盛大に開催された「一帯一路」の国際会議にはロシアのプーチン大統領も参加した(写真=新華社/アフロ)

 犯罪を計画の段階で処罰する「共謀罪」を盛り込んだ「テロ等準備罪」を新設する法案が2017年5月23日、衆院を通過した。一方、衆院法務委員会で共謀罪の審議が続いていた5月半ば、中国でもメディアの見出しに連日、「共謀」の文字が並んだ。

 ところがこれらはどれも、日本の共謀罪のことを伝える記事ではなかった。習近平国家主席の肝いりで中国が推進する21世紀版の海と陸のシルクロード「一帯一路」に関する国際会議が5月14、15日の両日北京で開かれたことは日本でも連日大きく報じられたが、これを報じる記事に「共謀」の2文字が躍ったのである。

 例えば中国政府のシンクタンク国務院発展研究センターが出している『中国経済時報』は5月15日付で、「創新機制共謀発展推動一帯一路建設侵入新階段」というタイトルの記事を掲載した。今回の国際会議に出席した関係各国に対し「一帯一路の建設を新たな段階に推進するためシステムを共に創り出そう」と呼びかけたものだ。また、中国人民銀行が発行する『金融時報』も同日付で、国際会議の融資をテーマにした部会に出席した肖捷財政相が、一帯一路の構築加速に向けた資金の融資を共同で進めていく必要があると語ったのを伝えた記事に「肖捷:共謀資金融通之策為一帯一路建設加油助力」という見出しをつけ、ここでも「共謀」という言葉を使った。

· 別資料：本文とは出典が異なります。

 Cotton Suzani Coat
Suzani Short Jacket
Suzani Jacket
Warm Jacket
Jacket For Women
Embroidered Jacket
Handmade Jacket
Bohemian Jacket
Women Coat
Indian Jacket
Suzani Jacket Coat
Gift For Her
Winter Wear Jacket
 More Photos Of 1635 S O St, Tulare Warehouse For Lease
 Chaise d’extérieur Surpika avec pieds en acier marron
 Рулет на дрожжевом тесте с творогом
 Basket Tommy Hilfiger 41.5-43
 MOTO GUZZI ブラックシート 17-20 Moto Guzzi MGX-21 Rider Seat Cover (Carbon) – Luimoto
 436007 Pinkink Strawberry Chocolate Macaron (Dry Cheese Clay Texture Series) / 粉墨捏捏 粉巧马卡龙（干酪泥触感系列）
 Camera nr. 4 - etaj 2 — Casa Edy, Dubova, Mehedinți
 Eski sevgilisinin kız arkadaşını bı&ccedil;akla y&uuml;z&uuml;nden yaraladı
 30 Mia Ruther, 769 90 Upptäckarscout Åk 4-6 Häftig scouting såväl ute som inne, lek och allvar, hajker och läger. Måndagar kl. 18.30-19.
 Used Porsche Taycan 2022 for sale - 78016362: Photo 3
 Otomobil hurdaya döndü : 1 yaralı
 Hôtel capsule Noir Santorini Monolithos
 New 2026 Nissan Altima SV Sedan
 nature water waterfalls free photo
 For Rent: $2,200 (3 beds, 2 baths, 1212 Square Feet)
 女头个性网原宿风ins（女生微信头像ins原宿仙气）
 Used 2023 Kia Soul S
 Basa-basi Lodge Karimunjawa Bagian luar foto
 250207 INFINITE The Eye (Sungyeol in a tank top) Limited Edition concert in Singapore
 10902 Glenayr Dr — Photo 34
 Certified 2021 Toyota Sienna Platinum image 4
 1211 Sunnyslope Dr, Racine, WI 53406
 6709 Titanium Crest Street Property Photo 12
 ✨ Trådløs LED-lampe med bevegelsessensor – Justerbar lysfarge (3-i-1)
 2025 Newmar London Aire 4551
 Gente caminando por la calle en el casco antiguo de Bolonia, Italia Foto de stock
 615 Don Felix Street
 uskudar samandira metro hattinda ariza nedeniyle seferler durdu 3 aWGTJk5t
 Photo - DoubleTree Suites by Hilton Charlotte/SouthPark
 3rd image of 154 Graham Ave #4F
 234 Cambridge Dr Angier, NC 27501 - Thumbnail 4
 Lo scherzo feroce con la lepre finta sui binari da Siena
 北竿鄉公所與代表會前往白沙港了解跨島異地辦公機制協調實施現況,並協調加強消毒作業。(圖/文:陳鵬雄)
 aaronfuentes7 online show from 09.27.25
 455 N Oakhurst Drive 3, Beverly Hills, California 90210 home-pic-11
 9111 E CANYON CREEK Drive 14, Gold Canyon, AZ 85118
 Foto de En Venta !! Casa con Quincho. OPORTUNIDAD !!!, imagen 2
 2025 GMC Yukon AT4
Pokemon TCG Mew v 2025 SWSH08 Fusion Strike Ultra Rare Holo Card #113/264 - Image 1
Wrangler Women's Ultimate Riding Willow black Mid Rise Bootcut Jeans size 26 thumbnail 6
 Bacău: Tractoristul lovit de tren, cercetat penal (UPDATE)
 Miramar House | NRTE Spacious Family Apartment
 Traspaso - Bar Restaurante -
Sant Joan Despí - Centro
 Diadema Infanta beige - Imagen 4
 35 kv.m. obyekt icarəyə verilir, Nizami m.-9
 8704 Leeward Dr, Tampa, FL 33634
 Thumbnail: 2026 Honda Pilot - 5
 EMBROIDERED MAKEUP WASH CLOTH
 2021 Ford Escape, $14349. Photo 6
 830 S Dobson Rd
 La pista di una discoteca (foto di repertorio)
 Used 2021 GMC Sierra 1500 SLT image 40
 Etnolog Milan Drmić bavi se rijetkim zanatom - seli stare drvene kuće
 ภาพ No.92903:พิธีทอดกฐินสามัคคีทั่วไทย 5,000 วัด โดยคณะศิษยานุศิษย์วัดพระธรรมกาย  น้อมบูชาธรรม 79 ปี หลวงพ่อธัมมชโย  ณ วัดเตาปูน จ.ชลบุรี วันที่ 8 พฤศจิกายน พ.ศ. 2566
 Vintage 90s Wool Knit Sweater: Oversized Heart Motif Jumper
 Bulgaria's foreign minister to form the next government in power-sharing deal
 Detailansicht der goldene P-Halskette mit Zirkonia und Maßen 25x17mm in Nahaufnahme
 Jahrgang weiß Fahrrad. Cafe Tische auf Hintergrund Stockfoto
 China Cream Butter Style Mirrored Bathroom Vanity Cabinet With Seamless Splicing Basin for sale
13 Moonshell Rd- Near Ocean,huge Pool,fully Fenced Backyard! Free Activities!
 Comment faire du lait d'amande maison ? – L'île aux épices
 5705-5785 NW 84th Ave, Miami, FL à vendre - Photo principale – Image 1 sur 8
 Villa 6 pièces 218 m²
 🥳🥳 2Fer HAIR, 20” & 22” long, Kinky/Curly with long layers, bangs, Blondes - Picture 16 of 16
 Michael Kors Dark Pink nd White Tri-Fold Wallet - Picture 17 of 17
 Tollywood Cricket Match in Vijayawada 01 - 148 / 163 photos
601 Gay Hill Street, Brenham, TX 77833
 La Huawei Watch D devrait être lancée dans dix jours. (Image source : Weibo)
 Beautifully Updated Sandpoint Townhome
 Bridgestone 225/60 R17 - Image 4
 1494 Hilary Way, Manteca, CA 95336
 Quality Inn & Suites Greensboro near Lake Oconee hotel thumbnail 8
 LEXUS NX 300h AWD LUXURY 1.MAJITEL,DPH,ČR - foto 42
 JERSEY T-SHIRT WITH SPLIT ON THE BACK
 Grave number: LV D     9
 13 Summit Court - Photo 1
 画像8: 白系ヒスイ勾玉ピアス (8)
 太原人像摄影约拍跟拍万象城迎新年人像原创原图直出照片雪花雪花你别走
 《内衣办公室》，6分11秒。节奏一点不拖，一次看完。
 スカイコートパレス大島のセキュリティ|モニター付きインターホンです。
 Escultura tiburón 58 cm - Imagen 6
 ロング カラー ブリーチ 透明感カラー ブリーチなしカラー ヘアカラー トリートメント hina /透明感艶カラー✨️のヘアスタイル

 『大辞林』(三省堂)によると、「共謀」は「二人以上の者が相談して、多く悪事などをたくらむこと」とある。これに対し中国で最もスタンダードな辞書『新華字典』(商務印書館)でも「共同で謀を計画すること(多くは悪事)」としていて、日本語と意味は同じように思える。共謀罪の衆院通過や、国連の特別報告者がプライバシーや表現の自由を制約する恐れがあるとして組織犯罪処罰法改正案に懸念を示す書簡を安倍晋三首相に送ったこと等を伝えた中国メディアの報道でも、カギカッコをつけて「共謀罪」をそのまま使うケースも少なくなかった。さらに、収賄等の罪で起訴された韓国前大統領、朴槿恵(パク・クネ)被告の初公判の様子を伝える中国国営新華社の記事(5月23日付)でも、「指責朴槿恵興崔順実為一己私利践踏法治精神、共謀利益」、すなわち朴槿恵前大統領と親友の崔順実(チェ・スンシル)被告が私利のために法治を踏みにじり利益を謀ったという部分で、「共謀」を使っている。

 ただ、先に紹介した「一帯一路」の国際会議を伝えた新聞の見出しを見れば分かる通り、「共同で何かを進めること」の意味合いで共謀という言葉を使うケースが、どちらかと言えば中国では多い。

 「共謀=悪事」というストレートな図が頭に浮かばないということもあるのか、日本の「共謀罪」について、中国の市民の関心は意外なほど低い。